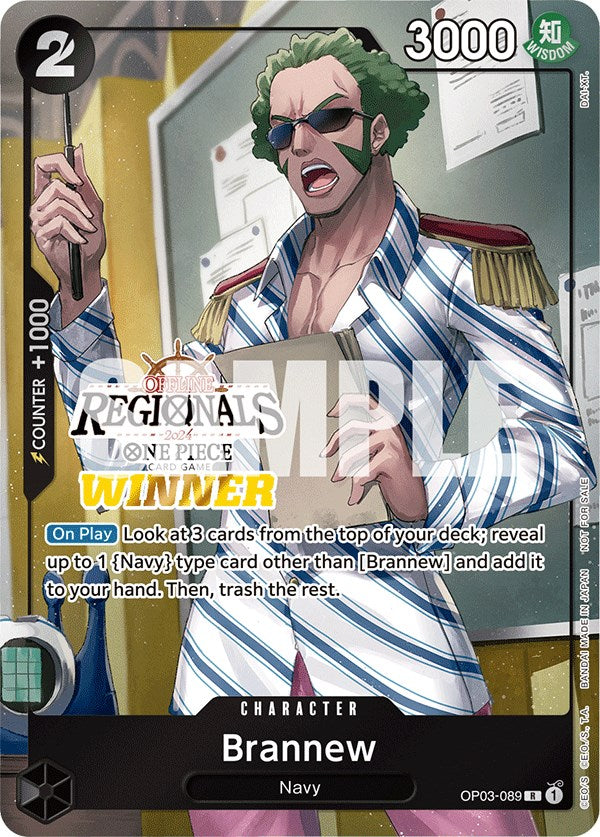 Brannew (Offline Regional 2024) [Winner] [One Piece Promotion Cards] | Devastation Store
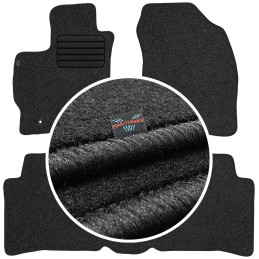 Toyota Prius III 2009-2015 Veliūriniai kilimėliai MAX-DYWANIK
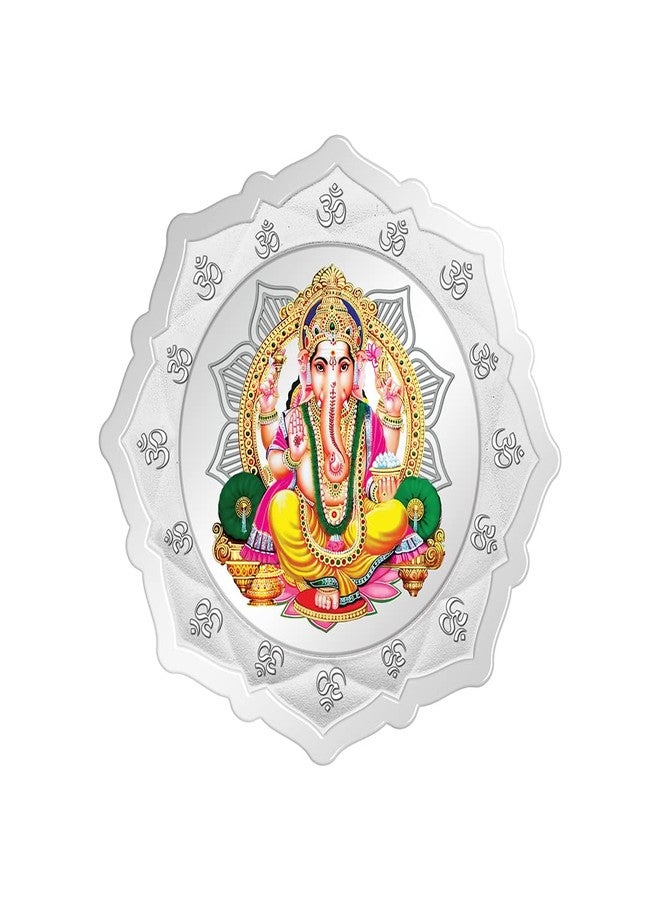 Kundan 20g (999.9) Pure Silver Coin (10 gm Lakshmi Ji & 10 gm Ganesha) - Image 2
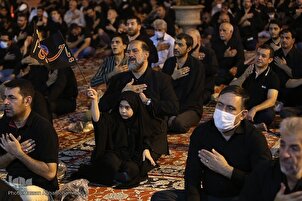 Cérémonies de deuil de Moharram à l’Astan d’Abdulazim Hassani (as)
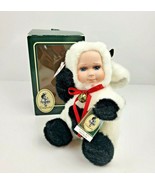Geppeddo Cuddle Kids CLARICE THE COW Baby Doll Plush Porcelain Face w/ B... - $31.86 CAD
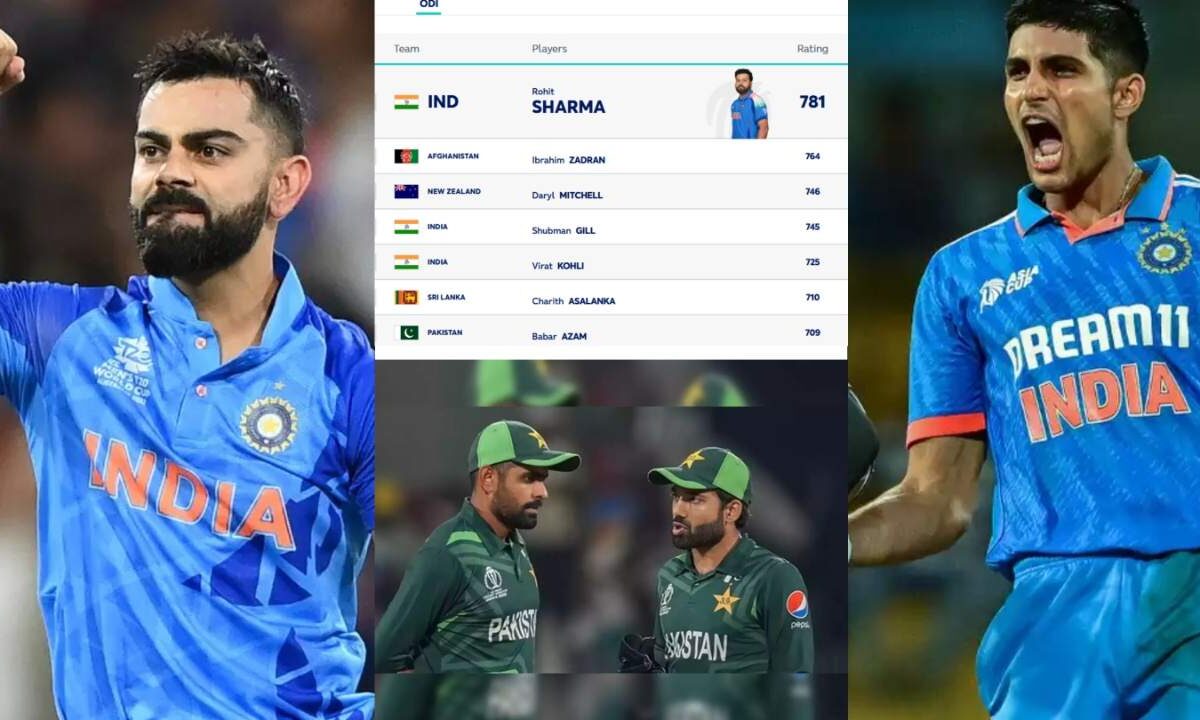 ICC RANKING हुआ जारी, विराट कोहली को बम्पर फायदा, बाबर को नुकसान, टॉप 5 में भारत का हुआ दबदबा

# # # # # # #

→ **EXERCISE DETAILS**: What you output must match the data exactly, apart from the pictures, which are left out.

→ **RESPONSE**:
 Brannew (Offline Regional 2024) [Winner] [One Piece Promotion Cards] | Devastation Store
 Toyota Prius III 2009-2015 Veliūriniai kilimėliai MAX-DYWANIK
 Kundan 20g (999.9) Pure Silver Coin (10 gm Lakshmi Ji & 10 gm Ganesha) - Image 2
 Cérémonies de deuil de Moharram à l’Astan d’Abdulazim Hassani (as)
Geppeddo Cuddle Kids CLARICE THE COW Baby Doll Plush Porcelain Face w/ B... - $31.86 CAD
 ICC RANKING हुआ जारी, विराट कोहली को बम्पर फायदा, बाबर को नुकसान, टॉप 5 में भारत का हुआ दबदबा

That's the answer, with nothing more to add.